The trial court recognized that Plaintiffs had complained about Alcala following them and that the police were called. The trial court also stated that Chulak's declaration was properly excluded. It further noted, "There were no other reported incidents of threats, no reported incidents of violence and no reported similar incidents involving Alcala. Under the facts before the court, and applying the factors set forth in Castaneda [v. Olsher (2007) 41 Cal.4th 1205 (Castaneda)] the evidence is insufficient to impose a duty on Ds." The trial court concluded, "As to the 1st and 2nd factors, which are, the measures the landlord should have taken as well as their financial and social burden on the landlord, there is no evidence. However, the financial and social cost can be assumed to be minimal. As to the third factor, the nature of the third party conduct that could have been prevented had Ds evicted P, no evidence is offered that shows how eviction would have prevented Alcala from committing the same acts. And as to the 4th factor, foreseeability that Alcala would shoot the Lozanos, such a shooting was not foreseeable based upon Alcala's general threats."
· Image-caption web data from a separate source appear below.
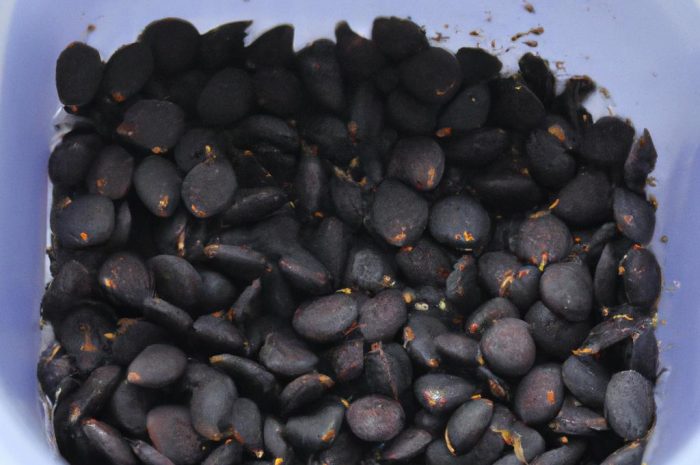 Kiedy wysiewać kapustę na rozsadę? Harmonogram siewu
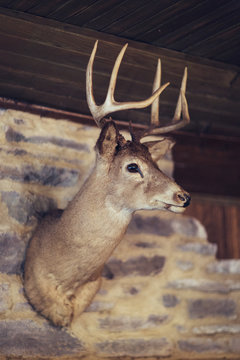 Got Deer?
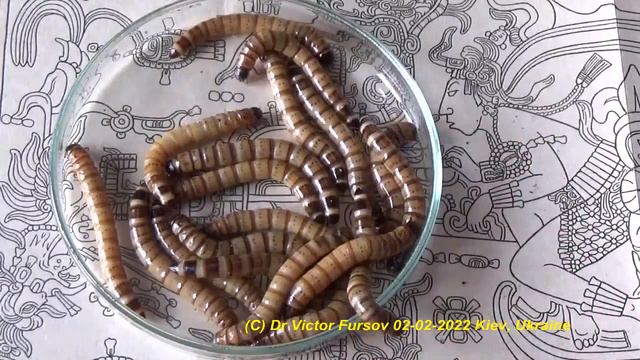 How to Breed a Super Meal Worm Zophobas atratus (Tenebrionidae, Coleoptera)? Life Cycle Details. смотреть онлайн
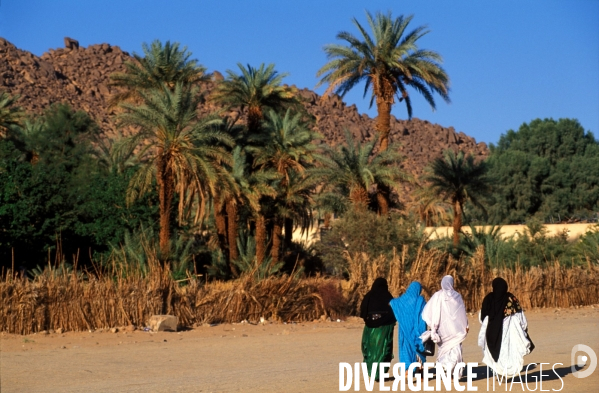 Sahara Algerien, Trek avec les Touaregs du Tassili n Ajjers
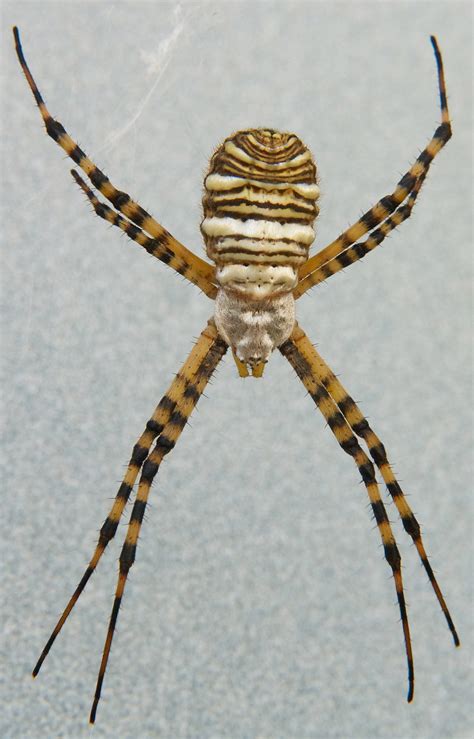Banded Garden Spider (Argiope trifasciata) - Plants and Animals of ...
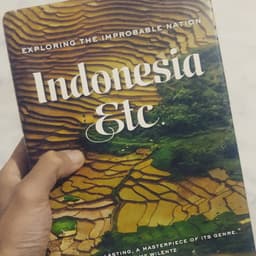 mailnasution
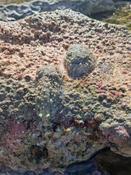 Mollusque gastéropode sans coquille apparente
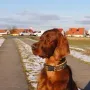 Eine schöne Kopfstudie.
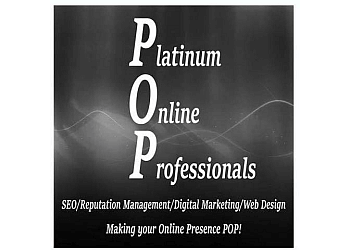 Platinum Online Professionals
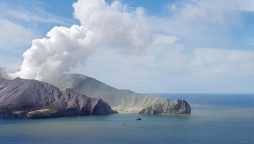 White Island: Firm found culpable for NZ volcano incident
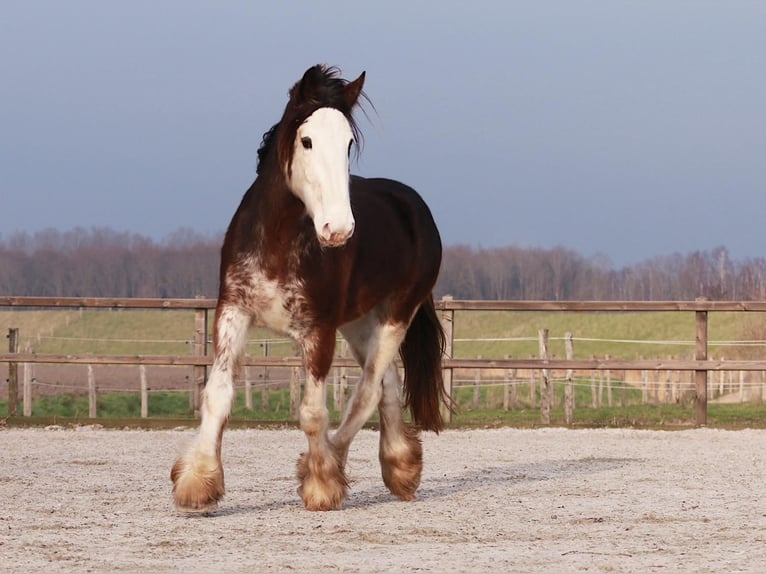 Clydesdale Giumenta 6 Anni 180 cm Baio in Oud-Vossemeer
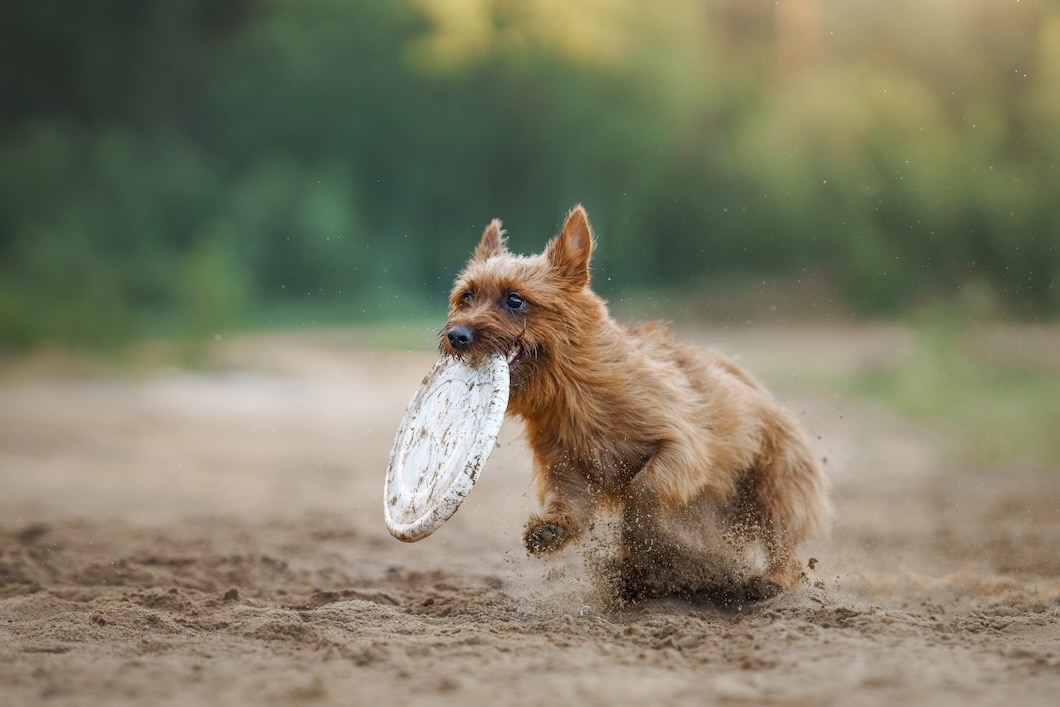 Australian Terrier chasing a toy across a grassy field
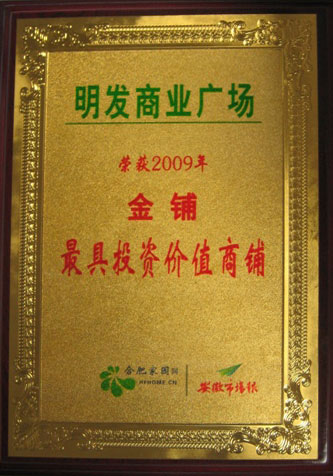 Shop with Highest Investment Value in 2009
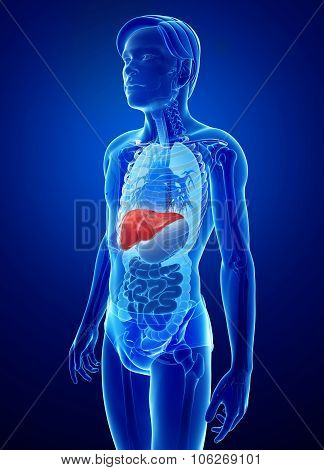 Male Liver Anatomy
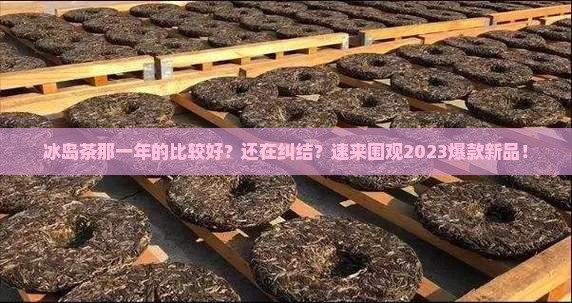 冰岛茶那一年的比较好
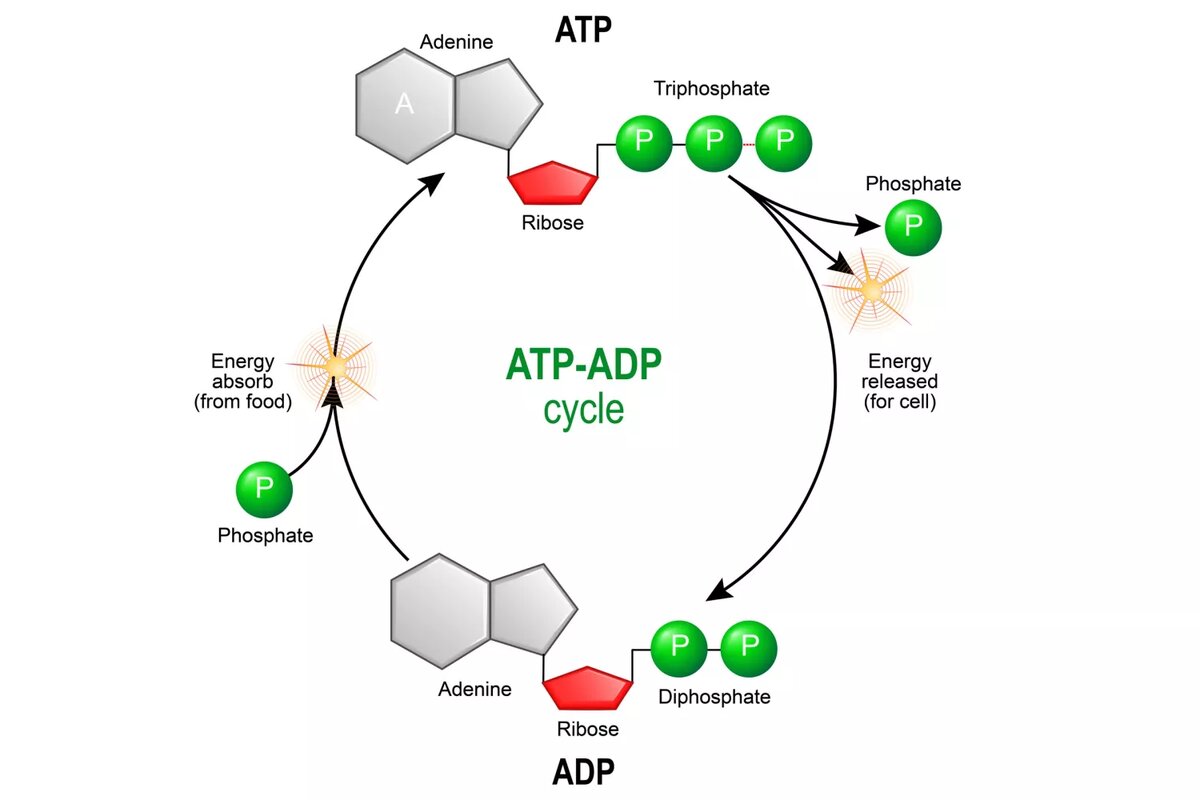  Adenosine triphosphate (ATP) is a organic chemical that provides energy for cell. ttsz / iStock / Getty Images Plus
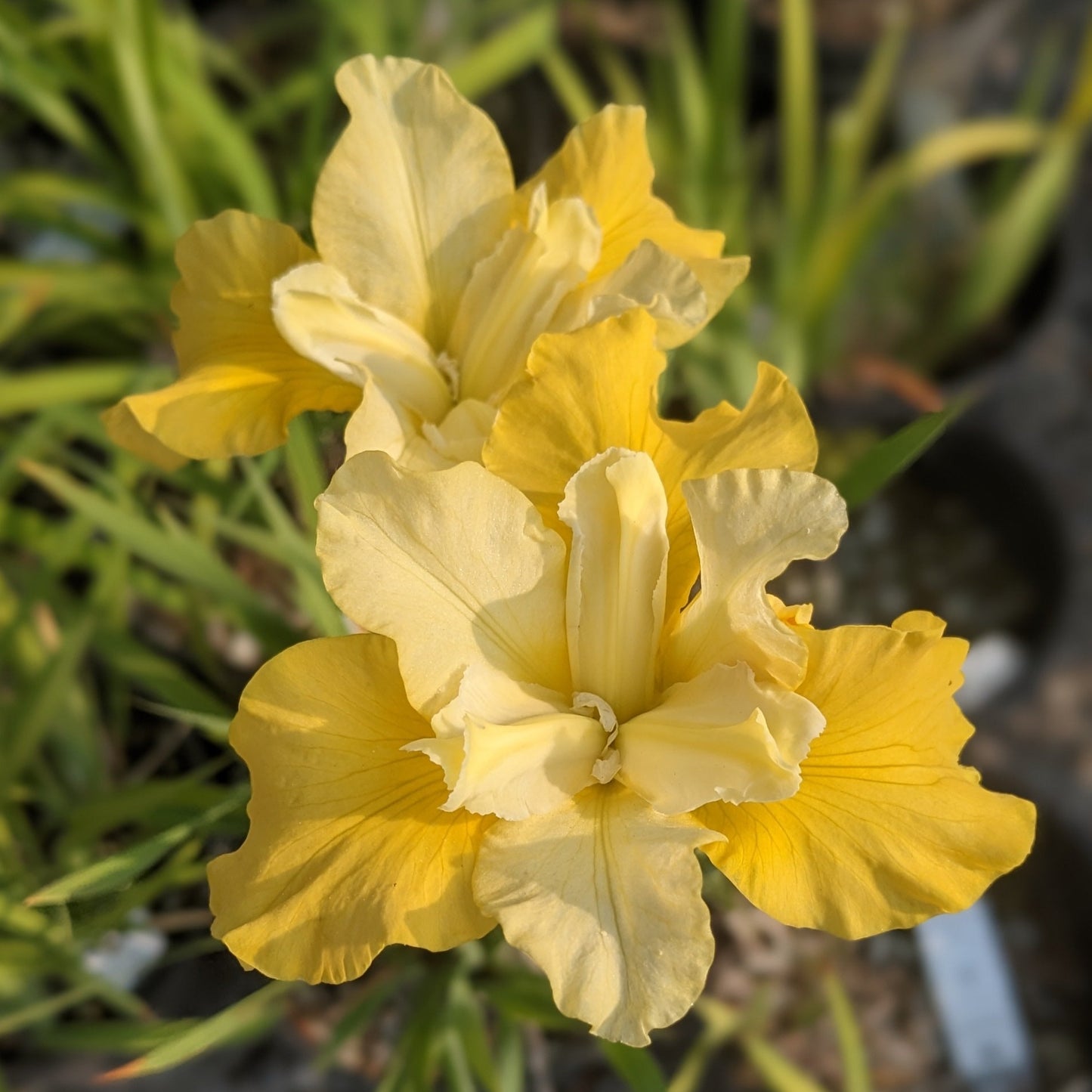 Sunfisher Iris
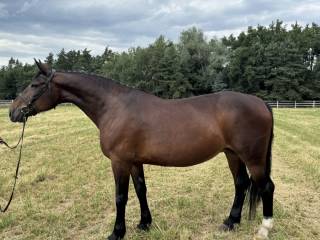 Klacz zajeżdżona / Hodowla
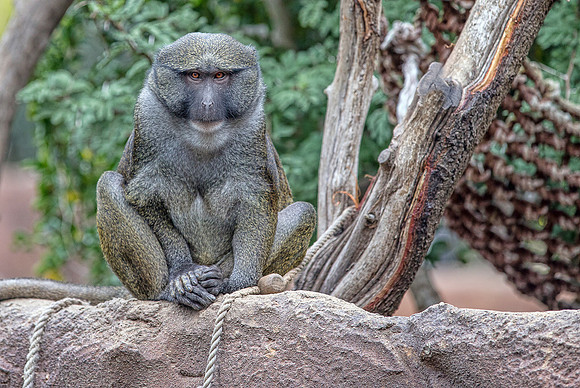 Primate in San Diego Zoo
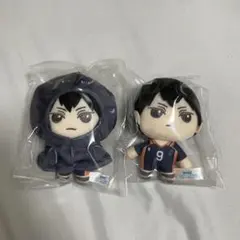 ハイキュー セガラッキーくじ 影山 ラストラッキー賞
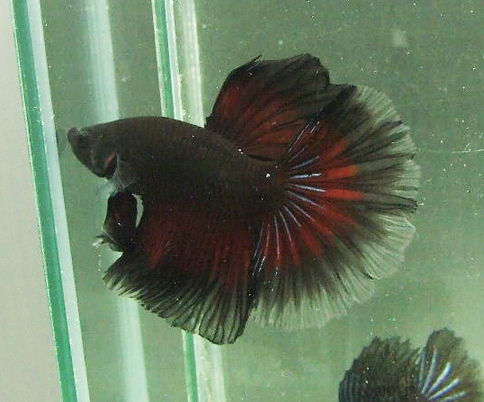 blackr10.jpg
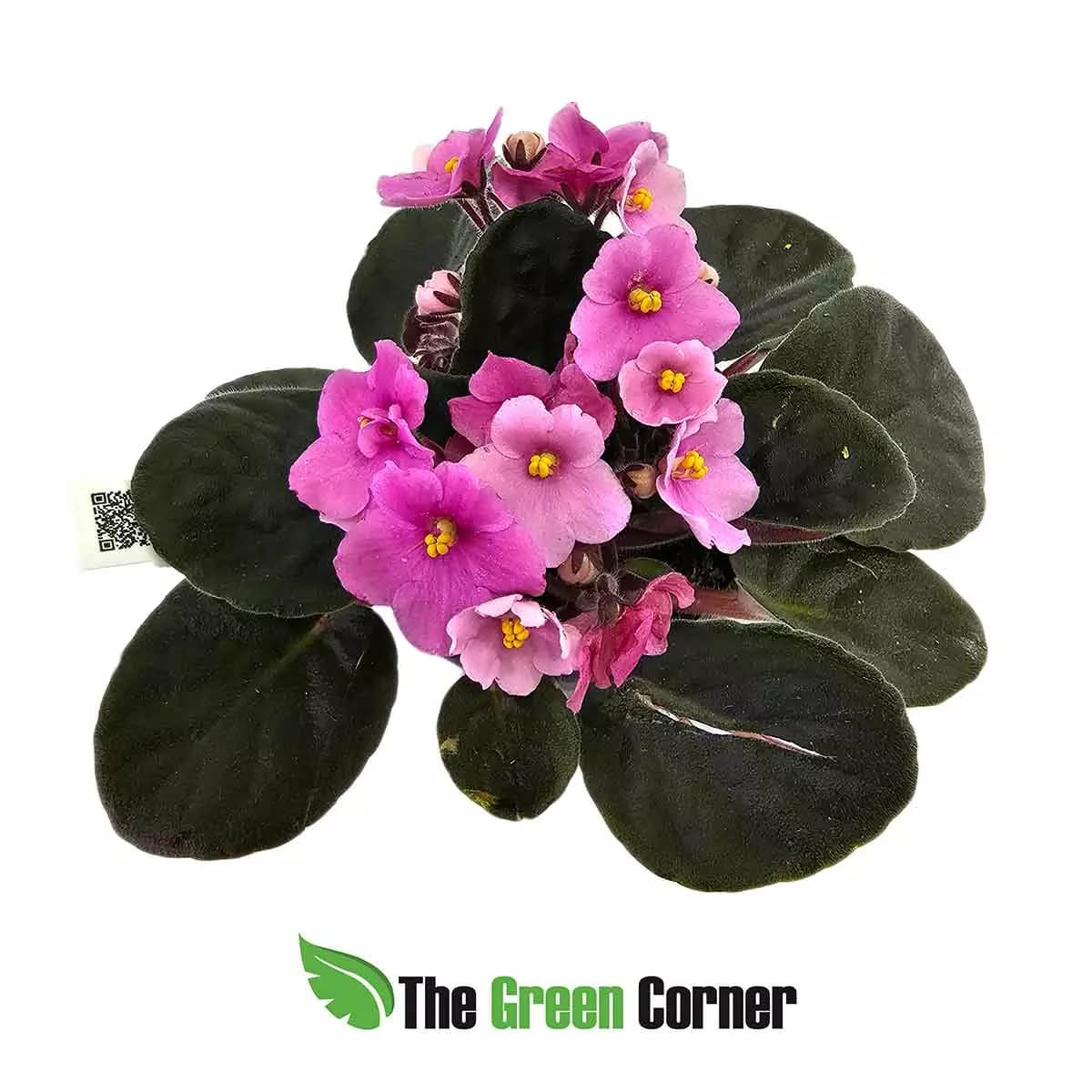 violeta-africana-pink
The matter was heard on August 15, 2014. Plaintiffs argued Zazueta and ConAm never realized that the letters from 2010 were in Plaintiffs' file. The owners were required to investigate and possibly evict Alcala. ConAm should have investigated the file. Plaintiffs also pointed to the evidence Fabian had been deposed and said that Afra told Gandara Alcala threatened to kill them. Also, ConAm took no action after the car-keying incident. Felipe had the police report on the morning of the shooting and was going to take it to ConAm.

Plaintiffs argued that ConAm should have investigated the matter. They should have installed surveillance cameras, hired a security guard, and contacted the police to do something.

Defendants argued there were no disputed issues of fact. ConAm did not have time to take any action after the car-keying incident. There was no duty on behalf of Defendants at the time of the shooting. The facts in Castaneda were more egregious than the ones in the instant case.

The only question from the trial court was whether the threat to kill made by Alcala was ever reported to the police. Plaintiffs responded it was not reported to the police.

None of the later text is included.